● PROBLEM:
Copy all the data exactly, except the pictures.

● THE DATA:
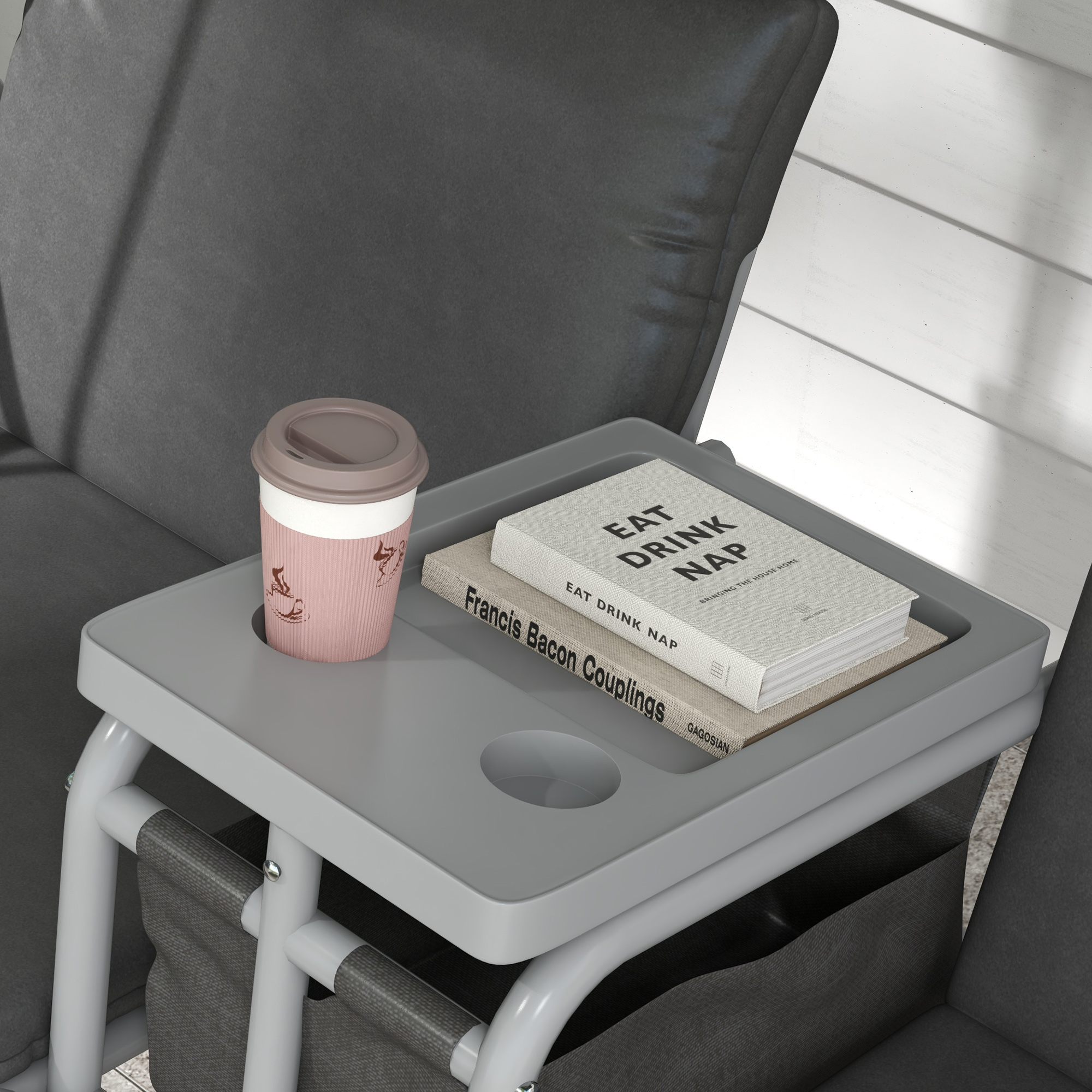 Outsunny Hollywoodschommel, 2-zits, met Dak en Tafel, Metalen Frame, Tot 180 kg, 175x110x165 cm, Zwart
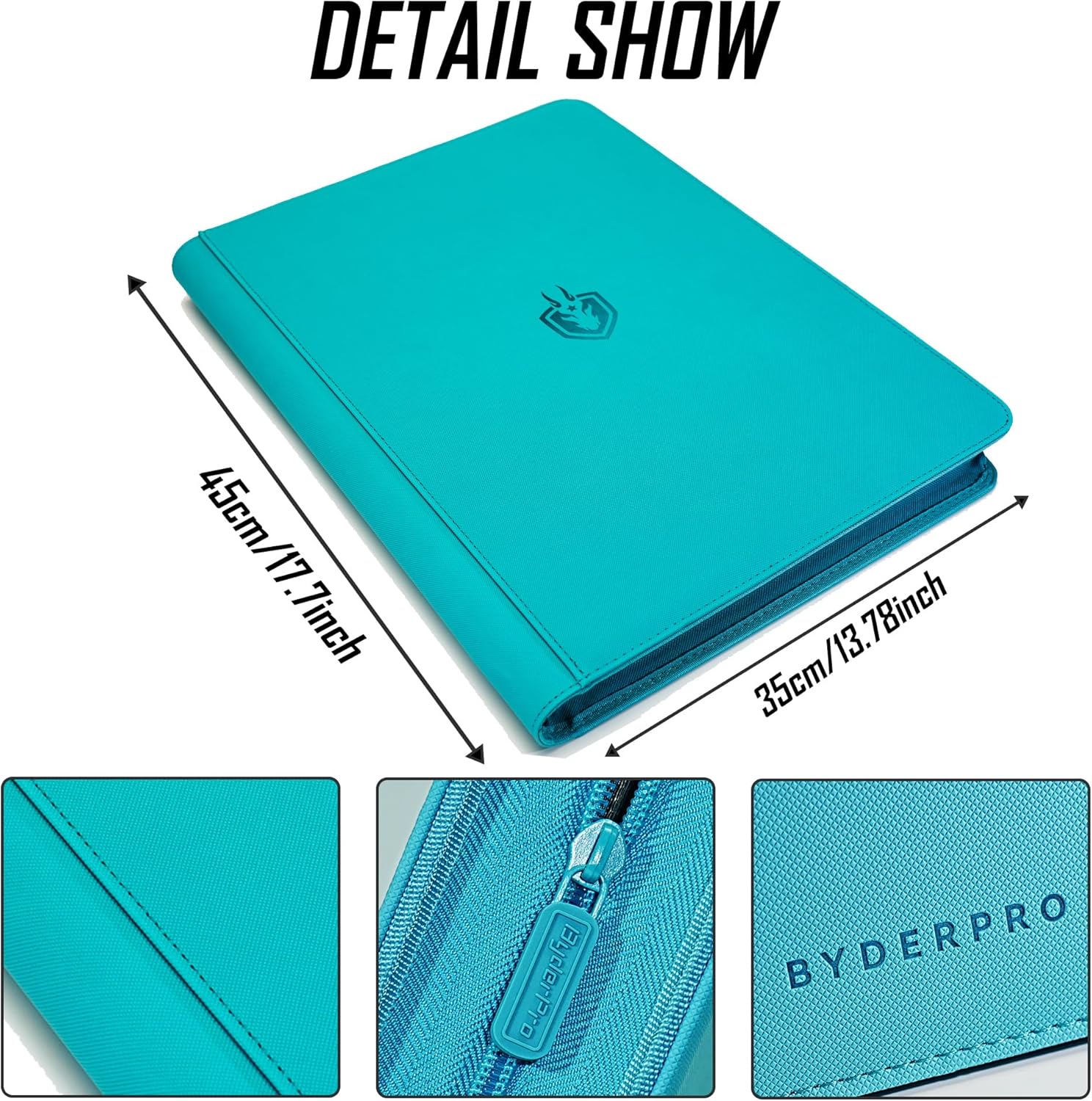 Premium-SZ 1024 Pockets Zipper Card Binder,16 Pocket,Colorful Design, Ringless Side Loading Trading Card Album, Folder for TCG,MTG,Sports other Cards - Teal(no tag)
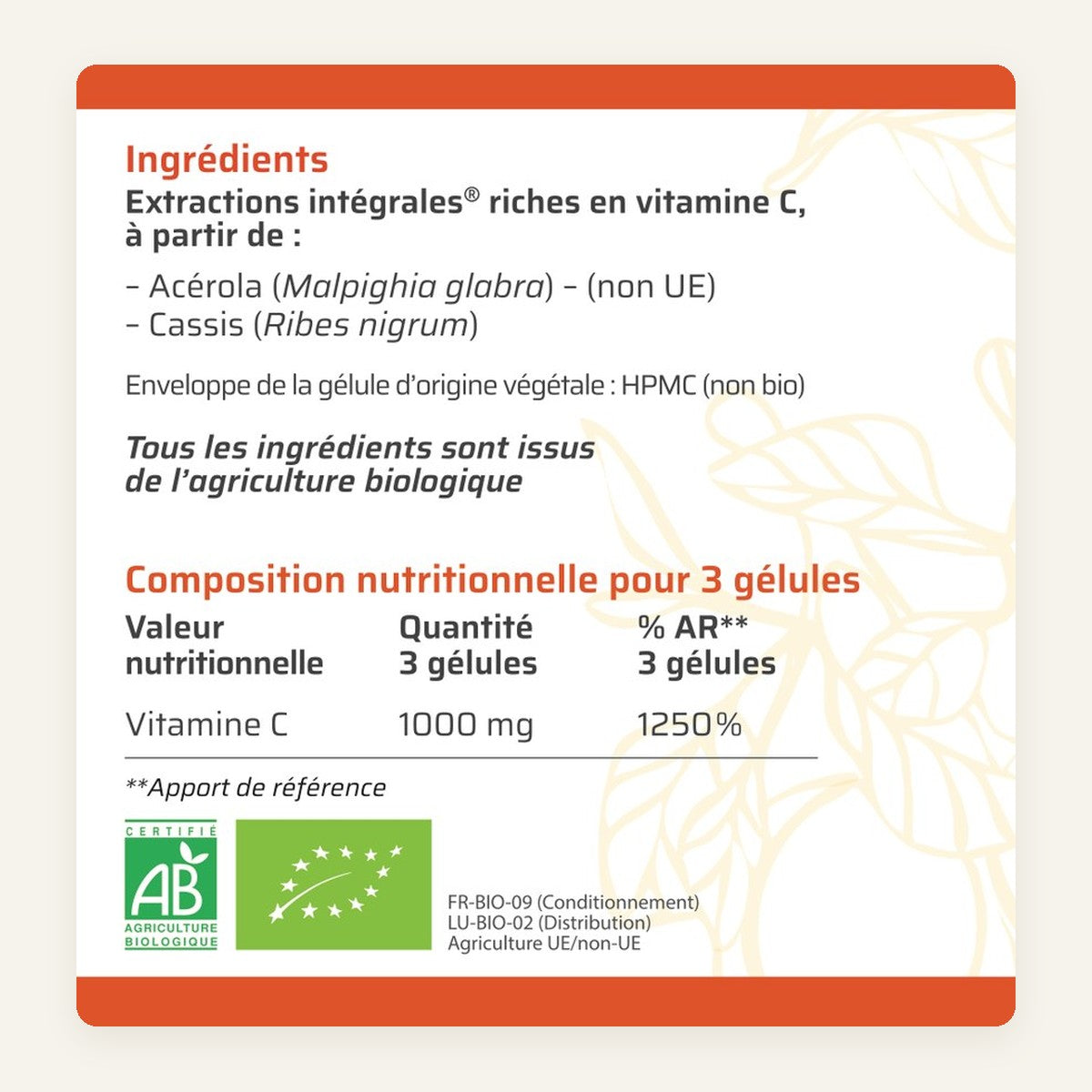 L’étiquette de la Vitamine C Biophénix : ingrédients (acérola bio, cassis bio, enveloppe HPMC) et composition nutritionnelle pour 3 gélules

● SOLUTION TO THIS PROBLEM:
 Outsunny Hollywoodschommel, 2-zits, met Dak en Tafel, Metalen Frame, Tot 180 kg, 175x110x165 cm, Zwart
 Premium-SZ 1024 Pockets Zipper Card Binder,16 Pocket,Colorful Design, Ringless Side Loading Trading Card Album, Folder for TCG,MTG,Sports other Cards - Teal(no tag)
 L’étiquette de la Vitamine C Biophénix : ingrédients (acérola bio, cassis bio, enveloppe HPMC) et composition nutritionnelle pour 3 gélules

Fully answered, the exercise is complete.